[Start of section]

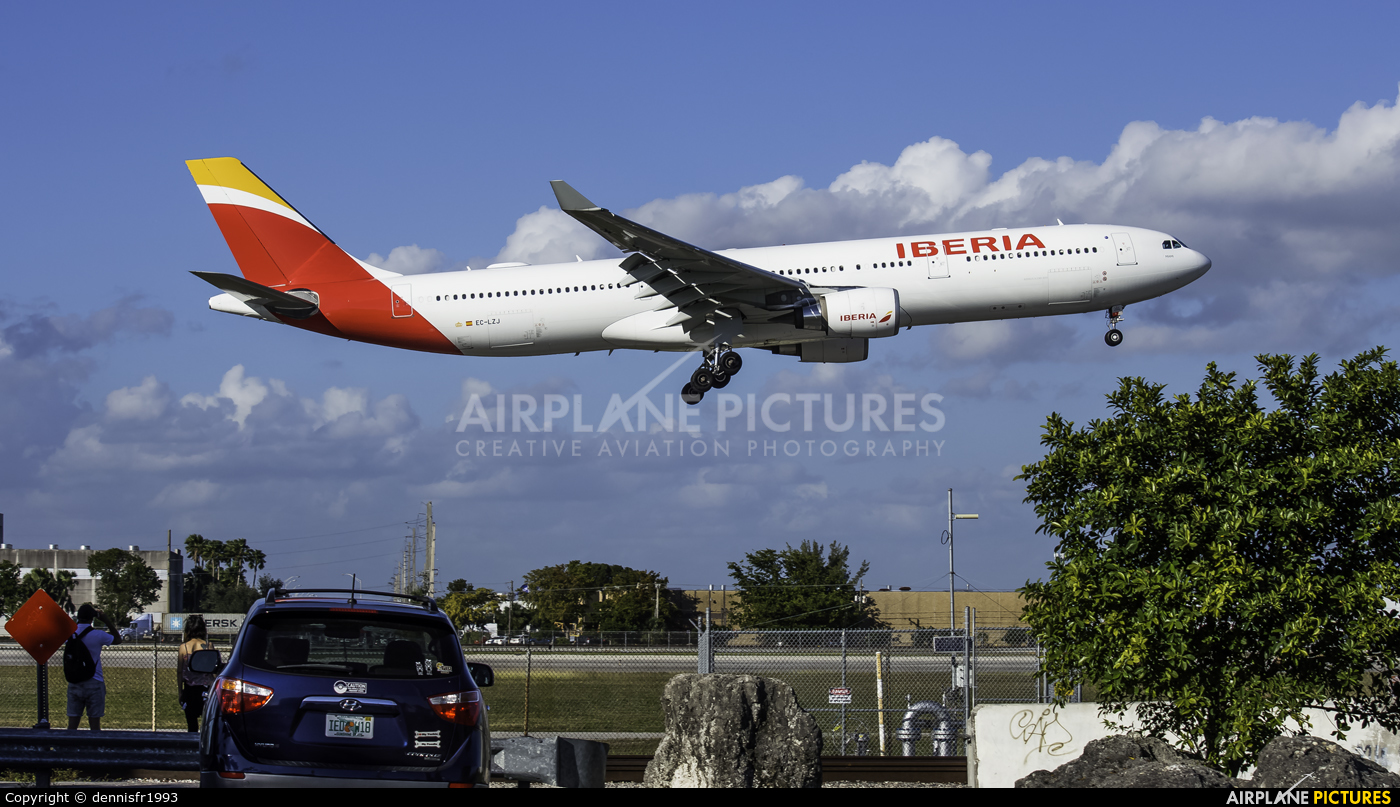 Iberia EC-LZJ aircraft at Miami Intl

[End of section]
[Start of section]

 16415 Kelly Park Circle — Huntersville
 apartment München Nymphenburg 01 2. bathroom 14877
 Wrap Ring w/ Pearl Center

[End of section]
[Start of section]

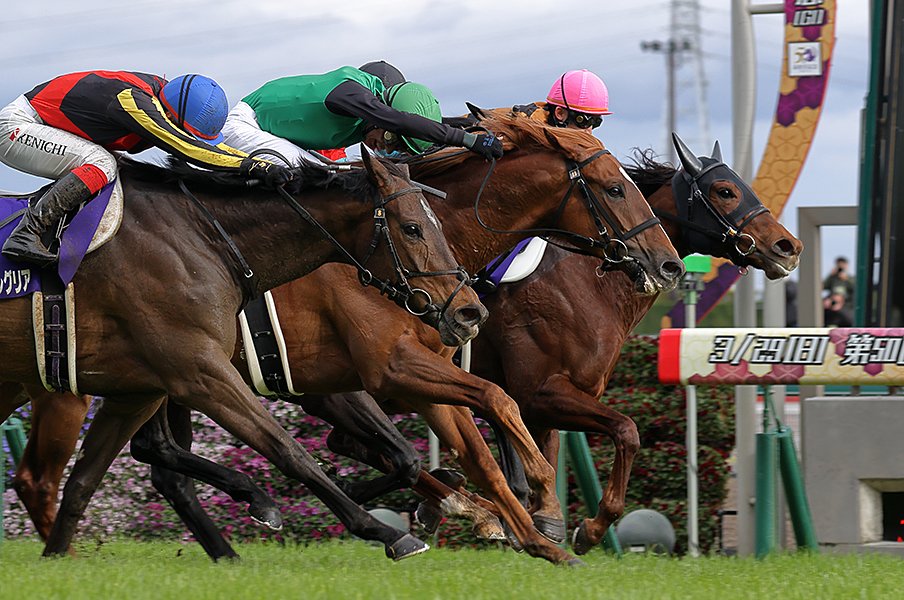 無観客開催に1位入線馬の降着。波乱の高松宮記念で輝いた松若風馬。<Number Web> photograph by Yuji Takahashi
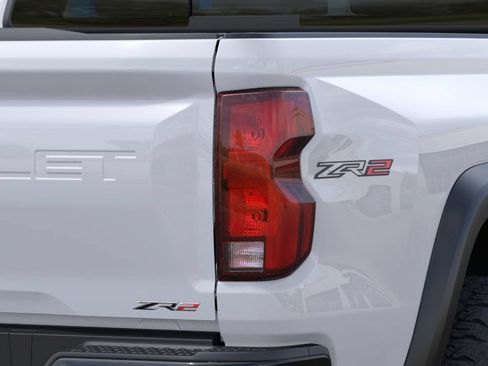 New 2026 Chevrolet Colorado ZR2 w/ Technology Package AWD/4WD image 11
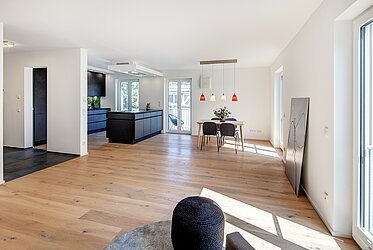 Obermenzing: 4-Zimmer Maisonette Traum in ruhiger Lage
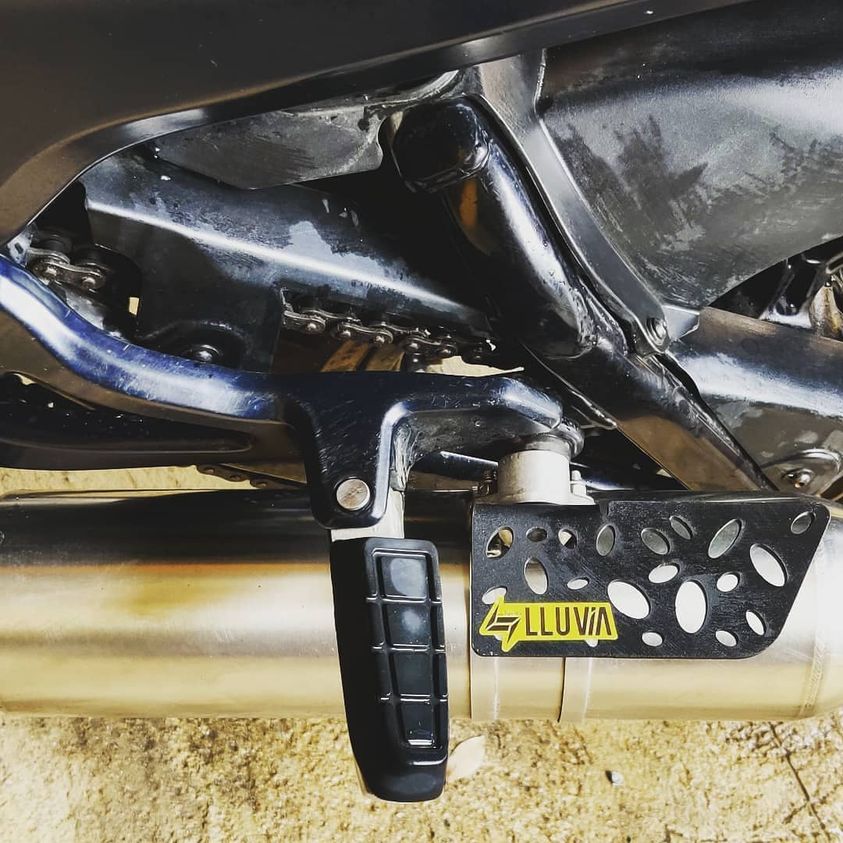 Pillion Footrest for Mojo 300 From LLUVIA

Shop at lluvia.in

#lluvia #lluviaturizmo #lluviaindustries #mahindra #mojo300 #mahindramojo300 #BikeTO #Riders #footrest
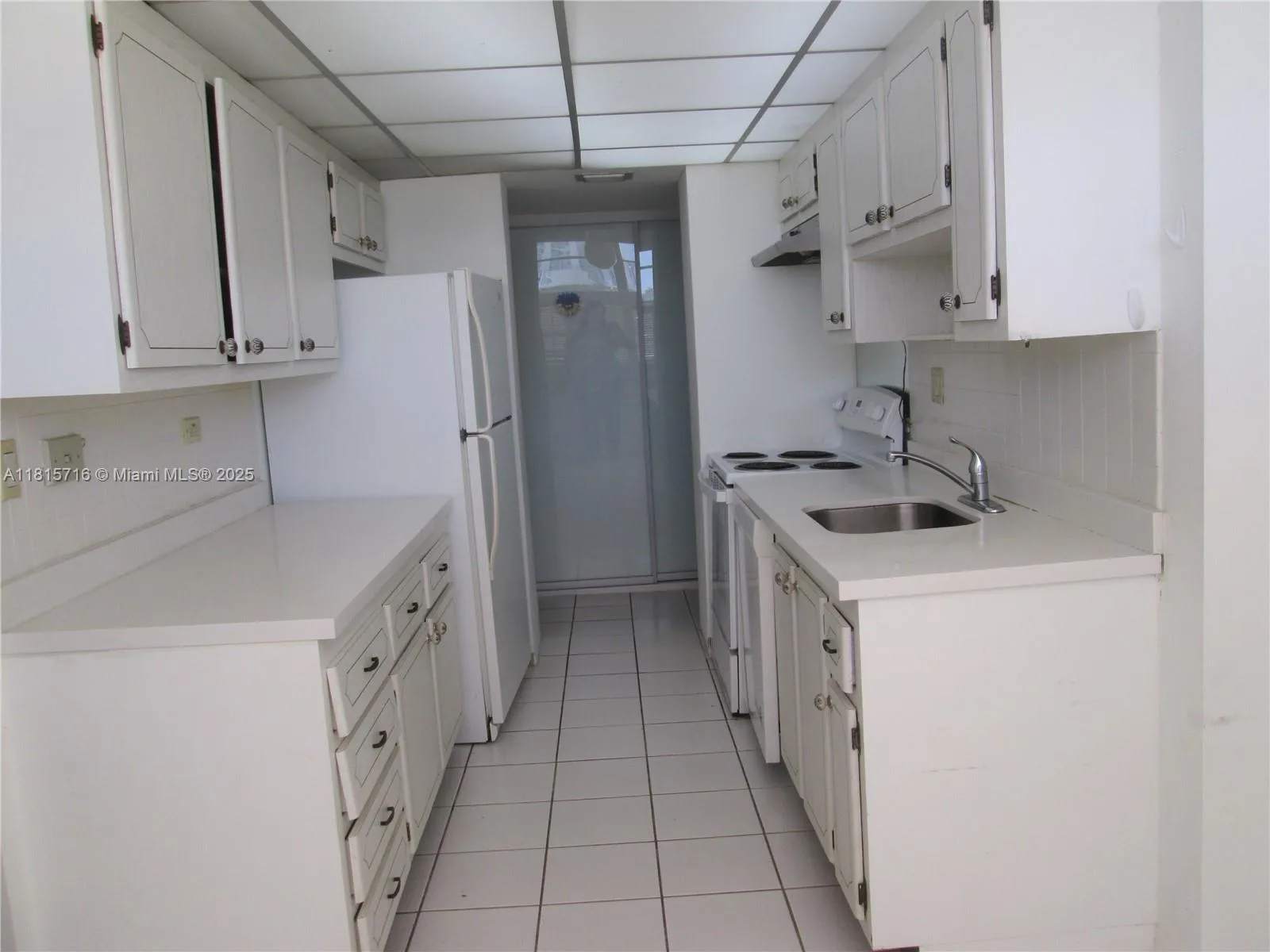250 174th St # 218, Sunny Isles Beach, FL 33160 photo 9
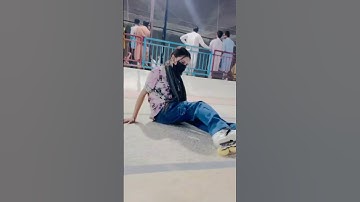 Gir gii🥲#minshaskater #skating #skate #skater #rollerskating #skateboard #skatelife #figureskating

[End of section]

> **Task requirements**:
Within the listing above, find the line containing "#lluvia #lluviaturizmo #lluviaindustries" and the line containing "Gir gii🥲#minshaskater #skating". Transcribe them and everything between them exactly, leaving out the pictures.

> **Expected output**:
#lluvia #lluviaturizmo #lluviaindustries #mahindra #mojo300 #mahindramojo300 #BikeTO #Riders #footrest
250 174th St # 218, Sunny Isles Beach, FL 33160 photo 9
 Gir gii🥲#minshaskater #skating #skate #skater #rollerskating #skateboard #skatelife #figureskating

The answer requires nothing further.